IMSA weekend is VIR’s big spectator event this season, so by Friday afternoon most of the prime camping spots were spoken for. VIR is a big beautiful facility though, with several nice dedicated camping areas, both clear and wooded. We picked a flat spot with no exposed roots in the trees near the pond, behind the Ferrari prancing horse statue, and set up camp.
Weather can be unpredictable in this region in late August with potential for severe temperature fluctuations overnight, so I came prepared. Or so I thought. We weren’t going to need the sweatshirts and extra sleeping bags I brought in case the mercury dropped, but we were looking forward to running some fans off the generator I picked up on sale at Harbor Freight earlier in the week. Unfortunately, the little Storm Cat Harbor Freight generator only ran for about 12 minutes before it vibrated its recoil handle off, sucked the coil rope into the flywheel, and ate the plastic arm that grabs the flywheel when you pull the rope. No more electricity. No more fans. How do you know your 8-year-old is having the time of his life? When it’s a humid 96 degrees at eleven o’clock PM, you’re both sweating bullets, and he’s still thrilled to be there. The bullfrogs eventually sang us to sleep, and with the tent canopy removed for maximum airflow we opened our eyes to blue mountain skies and the rhythmic thrum of race engines warming up in the paddock across the pond.

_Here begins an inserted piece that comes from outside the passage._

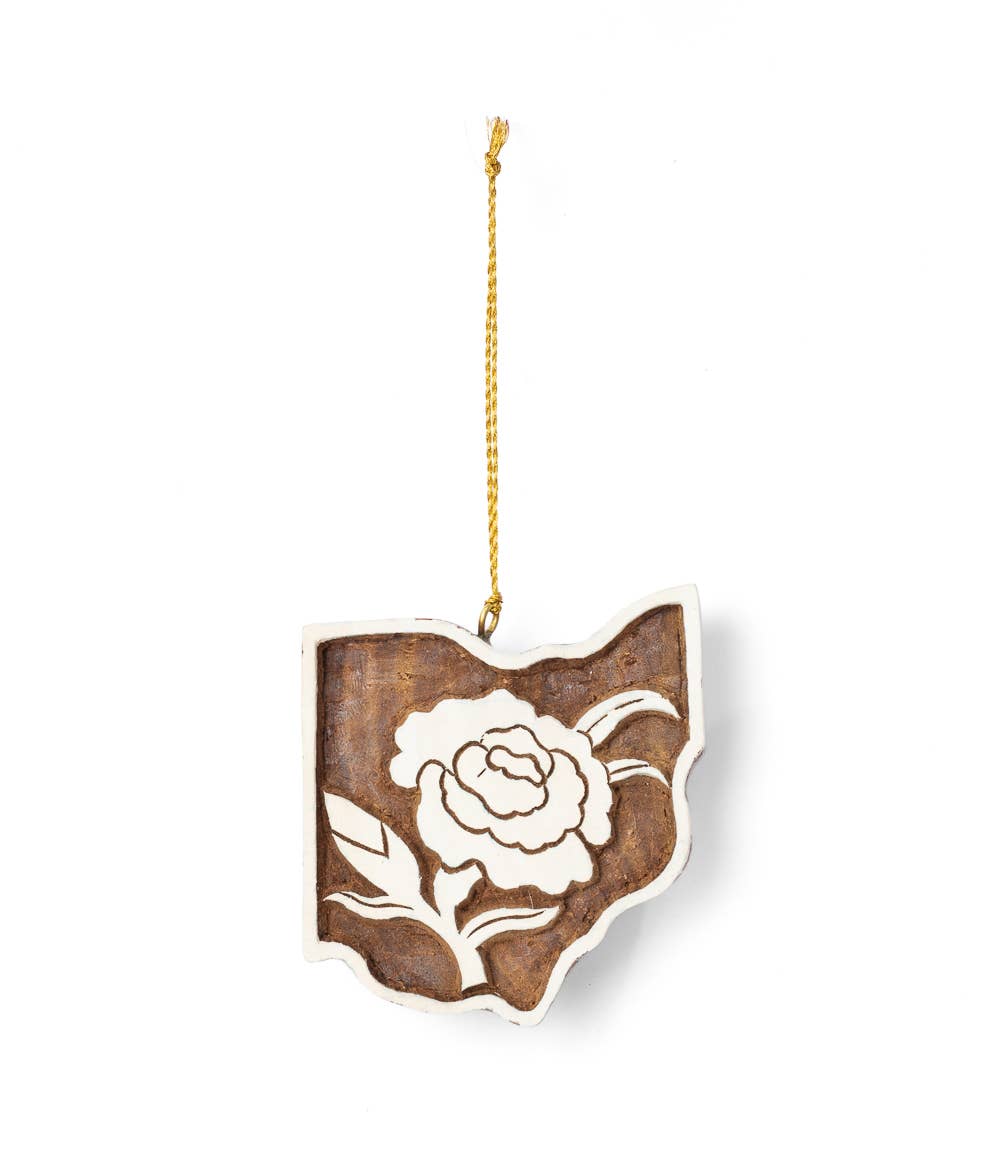 Hand Carved Ohio State Carnation Ornament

Saturday morning began Alex’s full camping experience with pepper, onion, and cheese omelets with bacon cooked on our trusty old Coleman camp stove. I forgot to pack plates, so we ate our eggs out of a red solo cup, and lined another cup with paper towels to absorb the bacon grease. Half the fun of camping is necessary improvisation, and Alex got a crash course. After some spectating we ran back to camp for another campground staple – hot dogs. We boiled up a pot of water and prepared some Cup ‘O Noodles to complement the dogs, then hit the bleachers for more wheel to wheel action. We shared dinner with our buddies, the Torres brothers, who were camped out with us – burgers and teriyaki chicken with fresh raw snap peas. Meat is a staple of a male run campsite, but a growing boy and his aging Dad need their veggies. Nightfall brought smores over the charcoal grill and cards by the light of an old gas lantern.